Custom HuggingFace model (SmolLM2-135M) LoRA SFT — inline `ModelConfiguration` subclass, no catalog entry

What this tutorial teaches. How to train a model that isn’t in the built-in catalog. The built-in classes (Qwen3_4B, GLM_4_7, Llama2_7B, KimiK2_5, Qwen3_32B) are concrete HFModelConfiguration subclasses, but nothing stops you from writing your own inline — no registry, no library fork, just a subclass in your tutorial file.

What it actually runs. LoRA SFT of HuggingFaceTB/SmolLM2-135M (a 135M-param Llama-family model) on a 4-example slice of GSM8K on 1×H100. Not a serious run — the goal is to prove end-to-end that the custom-model seam works, cheaply. Bump split="train[:4]" and num_train_epochs for a real run.

What to watch. W&B project custom-hf-smoke. train/loss should drop within the first 1–2 steps since the dataset is tiny. See quickstart for the shared primitives; ms_swift_glm_4_7_gsm8k for a full-scale ms-swift run with 4-D parallelism.

import modal

from modal_training_gym.common.dataset import DatasetConfig
from modal_training_gym.common.models import ModelConfiguration
from modal_training_gym.common.wandb import WandbConfig
from modal_training_gym.frameworks.ms_swift import (
    MsSwiftConfig,
    MsSwiftFrameworkConfig,
)
from modal_training_gym.frameworks.ms_swift.config import HF_CACHE_PATH

Define the custom model

Subclass ModelConfiguration with:

model_name — the HF repo id. Every framework reads this off your subclass to know what to tokenize/train.
download_model() — how to materialize the weights. For HF-hosted models this is one line: snapshot_download(repo_id=...). (If you’d rather not write this body, subclass HFModelConfiguration instead — it implements download_model() for you.)

That’s the whole seam. The subclass is a regular Python class; you can stack architecture metadata, tokenizer overrides, or custom download logic on top as needed.

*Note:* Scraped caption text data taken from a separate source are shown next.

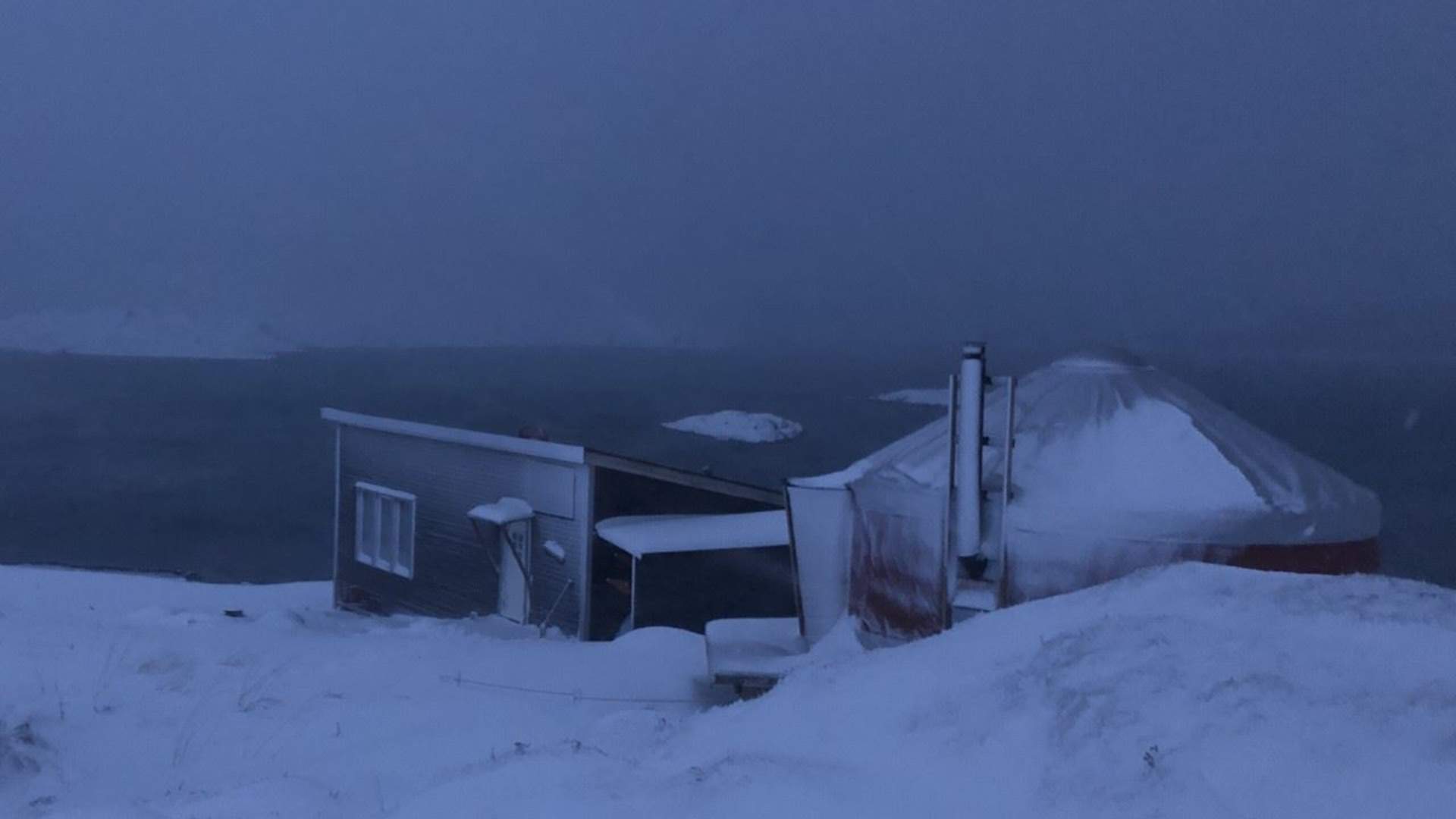 Private three days Arctic Camp with kayaking, skiing and snowshoeing - all inclusive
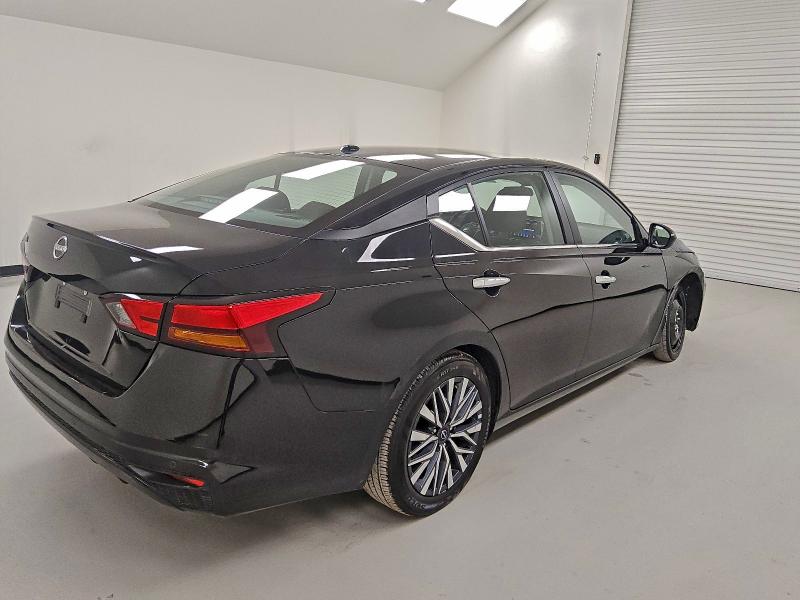 Фото 3 - NISSAN ALTIMA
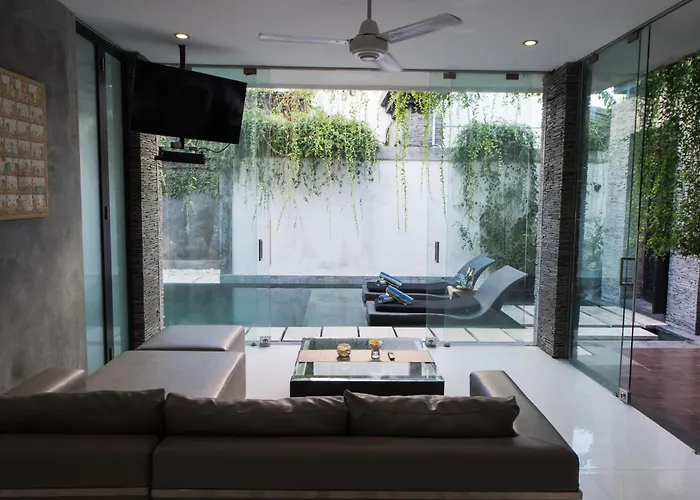 Villa 6-8br! View Sky Club, Brilliant Location, Of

from modal_training_gym.common.models import ModelTrainingConfig

class SmolLM2_135M(ModelConfiguration):
    model_name = "HuggingFaceTB/SmolLM2-135M"
    training = ModelTrainingConfig(
        gpu_type="H100",
        tensor_model_parallel_size=1,
        pipeline_model_parallel_size=1,
        lora_rank=8,
        lora_alpha=16,
    )

    def download_model(self) -> None:
        from huggingface_hub import snapshot_download

        snapshot_download(repo_id=self.model_name)

Define the dataset

ms-swift wants a JSONL file of chat messages ({"messages": [{"role": "user", ...}, {"role": "assistant", ...}]}). The train[:4] slice keeps this run cheap — four examples is enough to prove the custom-model seam wires up end-to-end.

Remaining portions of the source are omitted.